Riassumendo e focalizzando, i DI hanno tre caratteristiche vincenti di fondamentale importanza.

Il primo è la specializzazione flessibile che ha segnato il passaggio dall'impresa di grandi dimensioni di tipo fordista, basata sulla standardizzazione dei processi e dei prodotti, alla suddivisione del lavoro tra piccole imprese strettamente interdipendenti e concentrate in un'area definita.
Questo modello è stato in grado di fronteggiare la complessità e la turbolenza ambientale. Esso ha permesso di ottenere forti economie di scala, come per le grandi imprese, e forte capacità di adattamento (inteso come variazione di volume e di mix) come le piccole imprese, anche se entro determinati limiti.

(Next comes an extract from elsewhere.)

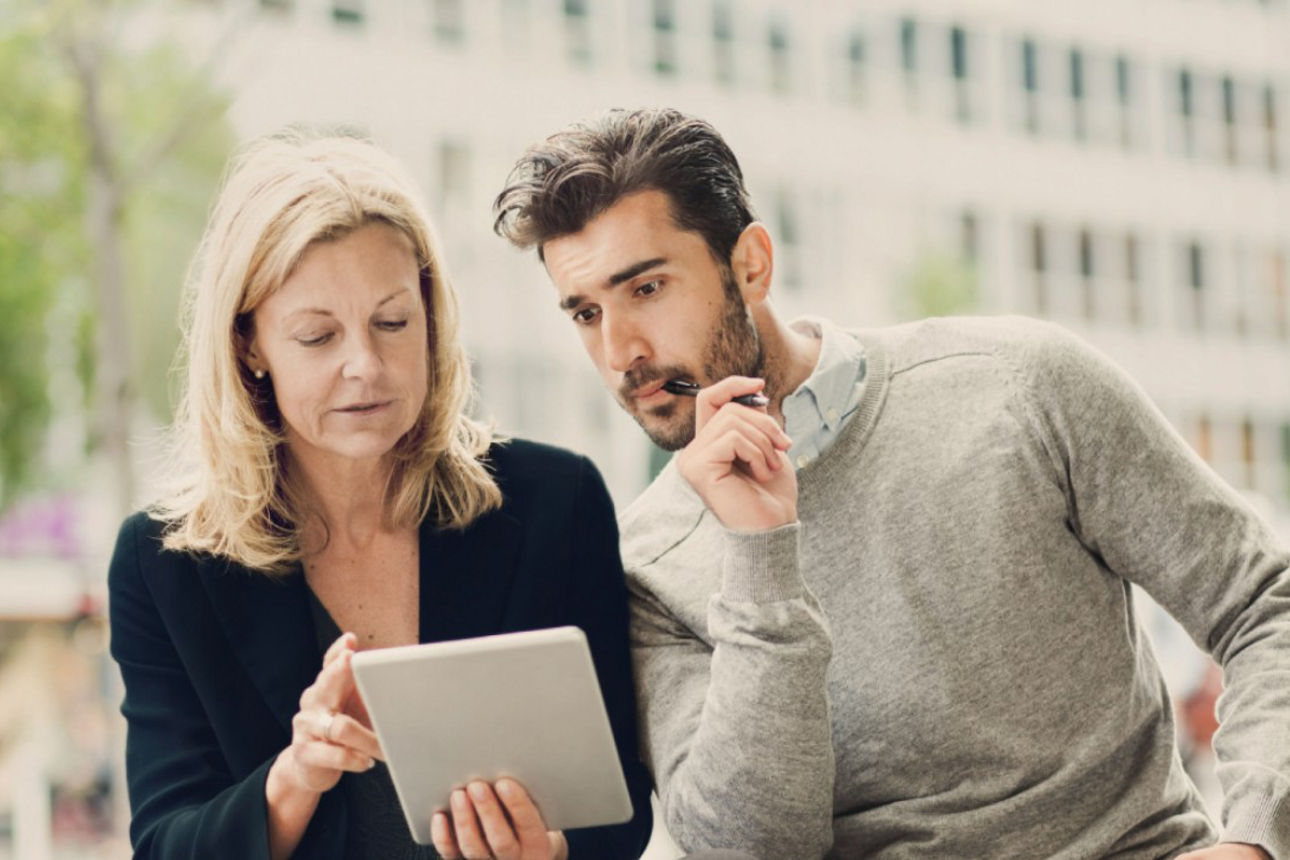 Ältere Frau und junger Mann blicken auf Tablet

La seconda evidenza è quella dell'atmosfera industriale, che rappresenta un complesso insieme di relazioni sociali ed economiche di natura informale, incontri favoriti dalla piccola dimensione aziendale (più informalità e meno burocrazia) e dalla vicinanza delle sedi di lavoro (più contatti diretti e personali); ciò ha contribuito anche a tenere bassi i prezzi dei costi di transazione, ovvero dei passaggi di beni e conoscenze da un'azienda interdistrettuale ad un'altra. Con la crescita delle dimensioni distrettuali la necessità di aumentare l'intensità ed il numero delle relazioni è stata quella che più ha contribuito all'introduzione delle innovazioni comunicative ed informative dell'ICT.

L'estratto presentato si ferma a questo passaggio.